Recordando cosas a lo mejor poco importantes

Recordando cosas a lo mejor poco importantes

A veces me pongo a recordar cosas que no son importantes para nadie, salvo para mí. Así, en mi primera juventud recuerdo a Polidor, un polidor con su gran bocina, cuando ya nadie lo tomaba en serio y la raza desde el camión le gritaba: “¡Viva Fidel Castro!”; a él le debe haber caído muy gordo el comandante, porque se iba detrás del camión de donde le habían gritado y les mentaba la madre y los perseguía.

Otro habitual de los portales era Firulais, el gran Federico, que era un gran conversador y que quienes no lo conocían pensaban que contaba mentiras porque platicaba de cuando era rico. Y sí, sí fue rico y decía que su mejor magia -porque era bastante malo como mago- era haber hecho desaparecer tres herencias, lo que era cierto; pero contaba sabrosísimo de su vida en la opulencia en Europa y en Estados Unidos, y gustaba divagar acerca de cómo había adoptado el nombre de Firulais, que variaba según cómo te lo contaba.

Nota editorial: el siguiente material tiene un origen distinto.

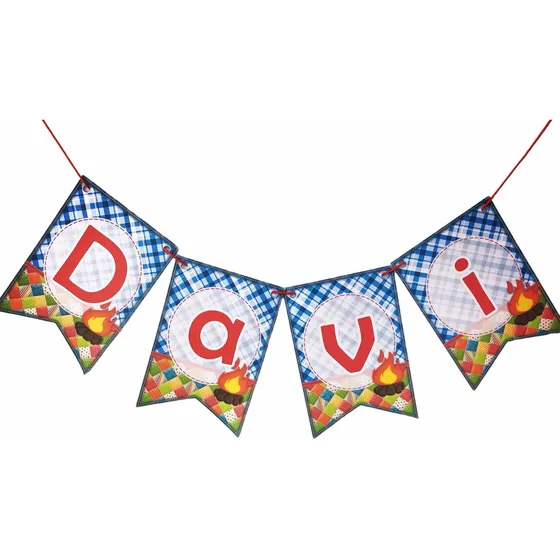 Decoração Festa Junina-  Bandeirinha Varal Colorido Nomes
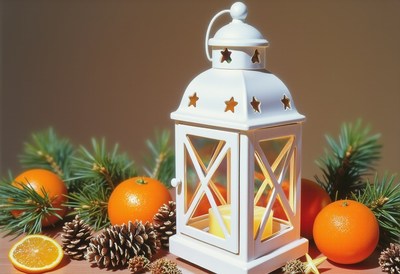 A white lantern with a lit candle is placed on a table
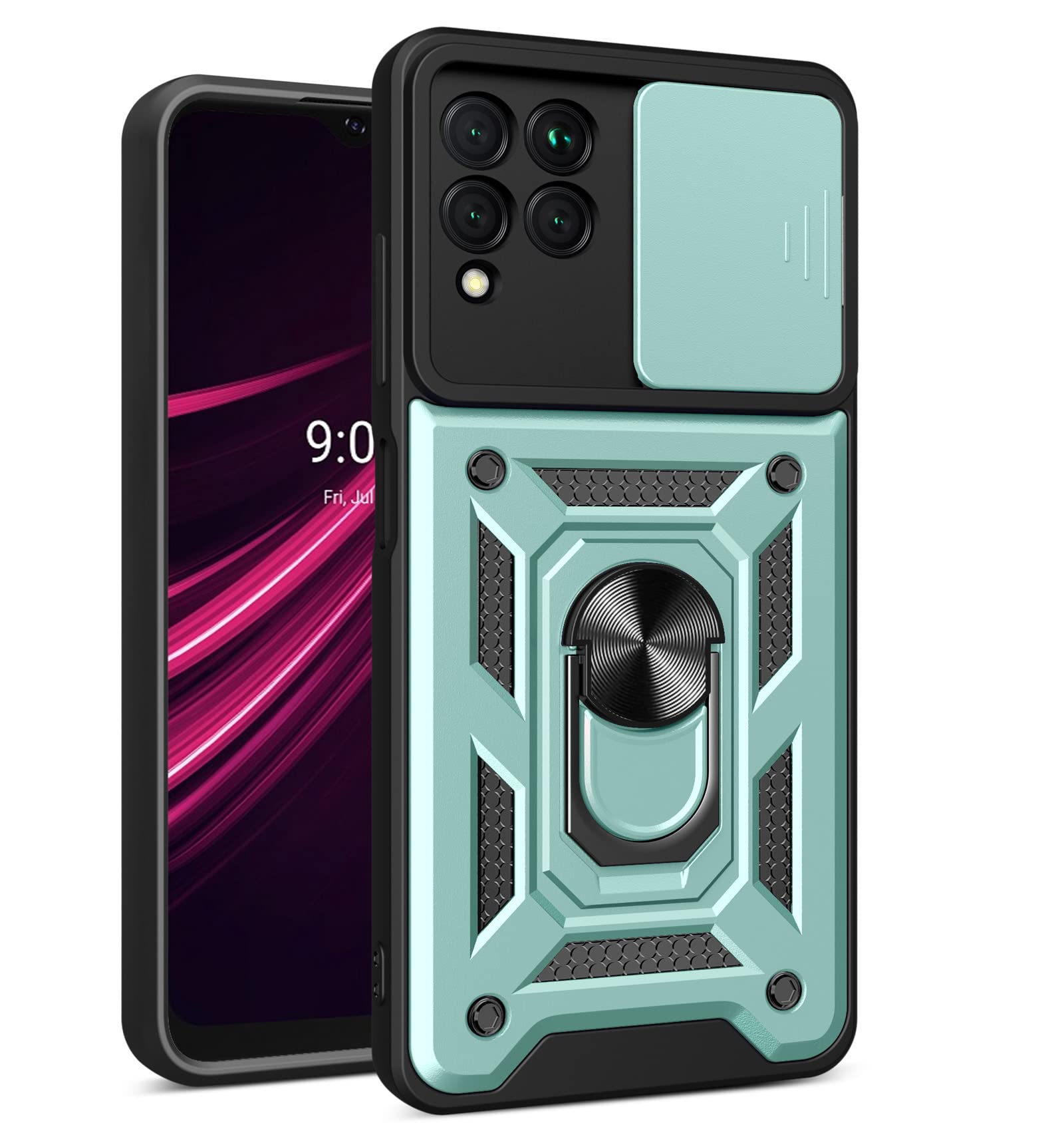 Starhemei for T-Mobile Revvl 6 Pro 5G Case, Revvl 6 5G Pro Case, with Camera Protective Cover and Ring Kickstand, Military Shock-Absorbing Double-Layer Case for T-Mobile Revvl 6 Pro 5G (Green)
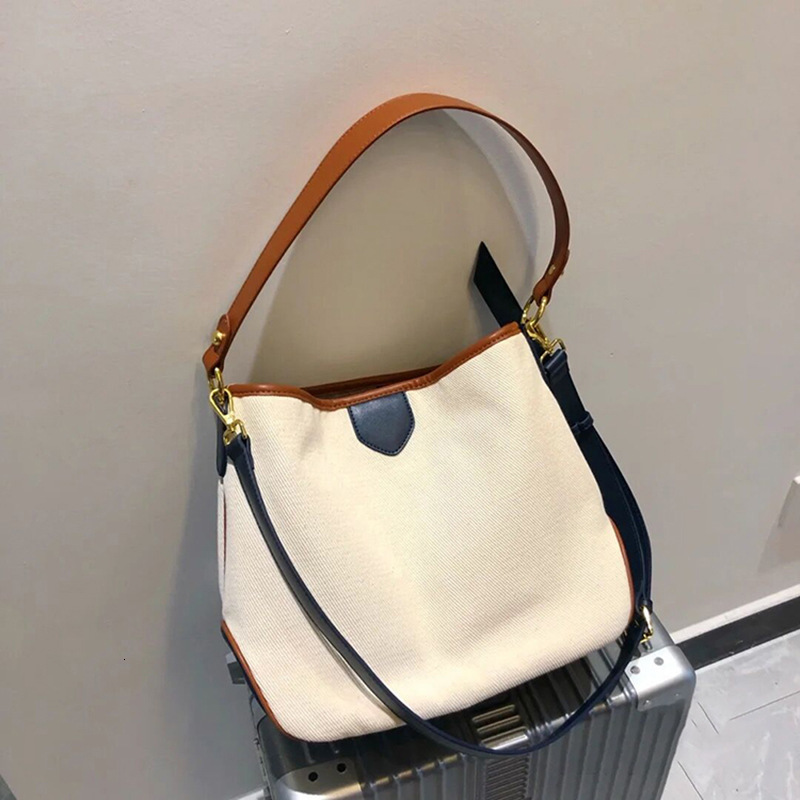 designer College Student Backpack Bag for Women Versatile Color-Block Large Capacity Crossbody Bag Commuter Shoulder Bag Canvas Patchwork Tote Bag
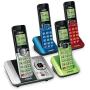 VTech CS6529-4B 4-Handset DECT 6.0 Cordless Phone with Answering System and Caller ID, Expandable up to 5 Handsets, Wall-Mountable, Blue/Green/Red/Silver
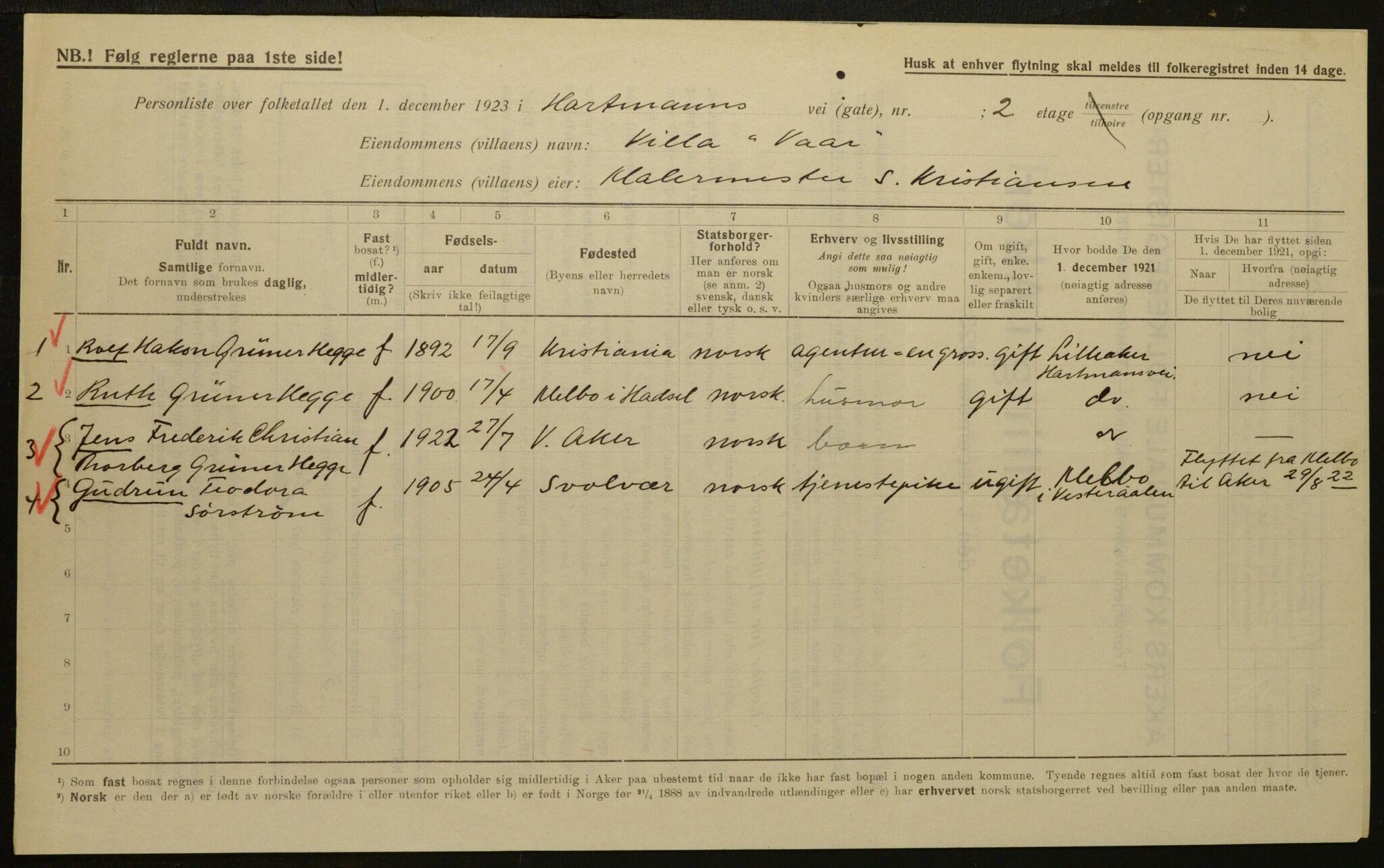 , Municipal Census 1923 for Aker, 1923, p. 2286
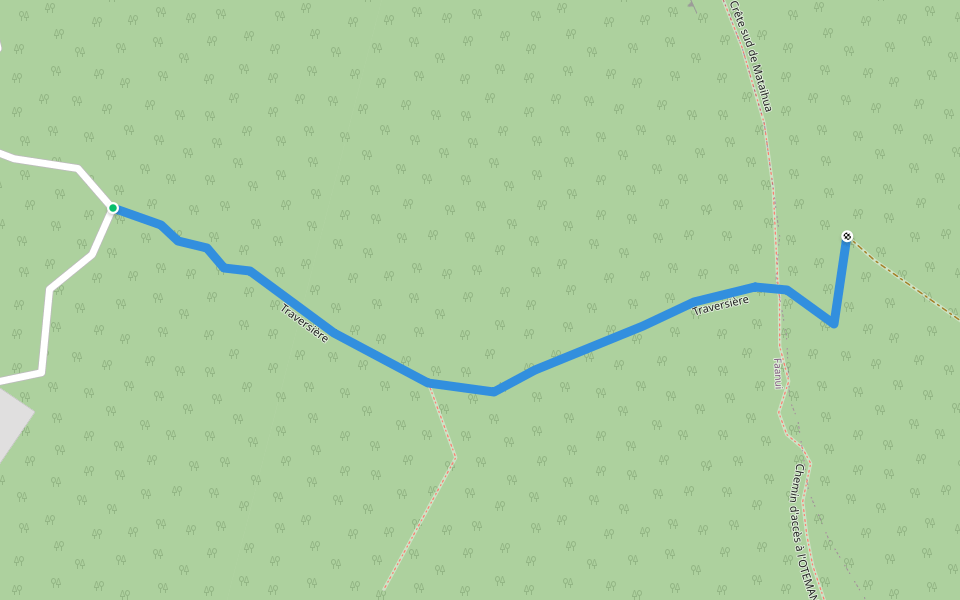 Traversière walking route map in Bora-Bora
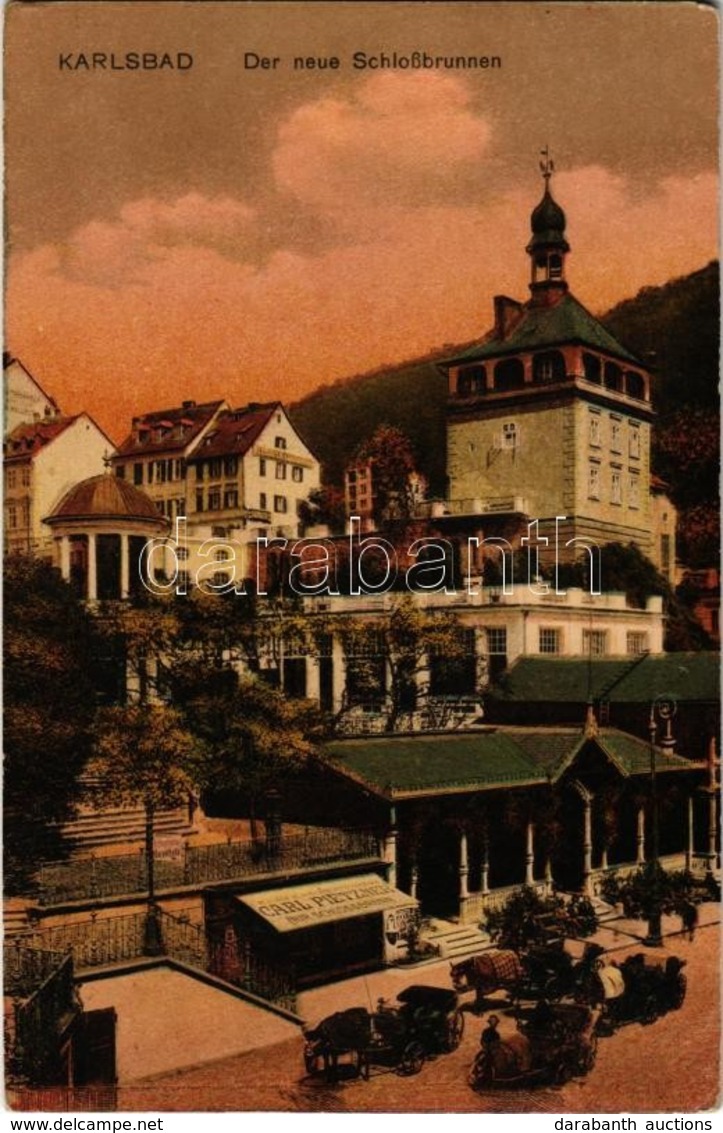 * T2/T3 1917 Karlovy Vary, Karlsbad; Der Neue Schlossbrunnen / New Castle Fountain, Carl Pietzner's Advertisement  (Rb) - Ohne Zuordnung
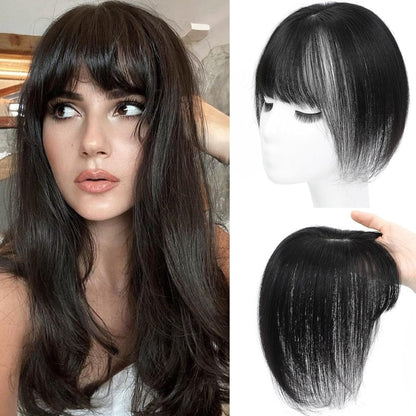 Hair Toppers for Women Real Human Hair, Bangs Hair Clip 360° 3D Cover Human Hair Topper with Bangs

Otro personaje que antes de los que he relatado era un sujeto que andaba por donde estaba la inquisición, para que usted sepa era por la pila de los niños miones, muy cerca de ese templo de la alimentación que son las tortas Amparito, ya fallecida y que yo espero que su cielo haya resultado tan bonito como ella veía su pueblo: Tolimán. Pues este sujeto, por cinco centavos, te relataba la historia de la mujer que bailó con el diablo y te narraba que una chica que, desobedeciendo a sus padres, fue a un baile y bailó con un joven que era ni más ni menos que el mismísimo Satanás, príncipe de los infiernos y cuando señaló la finca donde había sido el baile, era una casa que años atrás se había incendiado y, por el mismo quinto, te mostraba el zapato de la mujer, que era un zapato con un descomunal tacón y una plantilla gruesa.

Otro personaje que atraía a los niños era uno llamado el May o el Mae, que debe haber tenido una fábrica o tienda de dulces, y se ponía por las esquinas de palacio con las bolsas llenas de dulces, que generosamente repartía y la bola de chiquillos gorrones, encantados.

Y había tiendas que desaparecieron, entre ellas la de un caballero: el señor Bacal en López Cotilla y Colón, junto a Julio, que subsiste y la Acrópolis, de las primeras neverías que yo recuerdo. Pues en la tienda de Bacal vendían navajas y tijeras, y su propietario, que yo recuerde, era un señor educadísimo, finamente me mostraba sus productos con la absoluta seguridad que yo no tenía posibilidad de comprar, pero él mostraba su educación.

En la cuadra de enfrente estaba una joyería y relojería de otro señor educadísimo y muy estimado, cuyos hijos, amigos nuestros, decían que a don Salvador le decían el tapete, porque a las señoras les decía “a sus pies”. Gente de primera, de una pequeña ciudad ya desaparecida.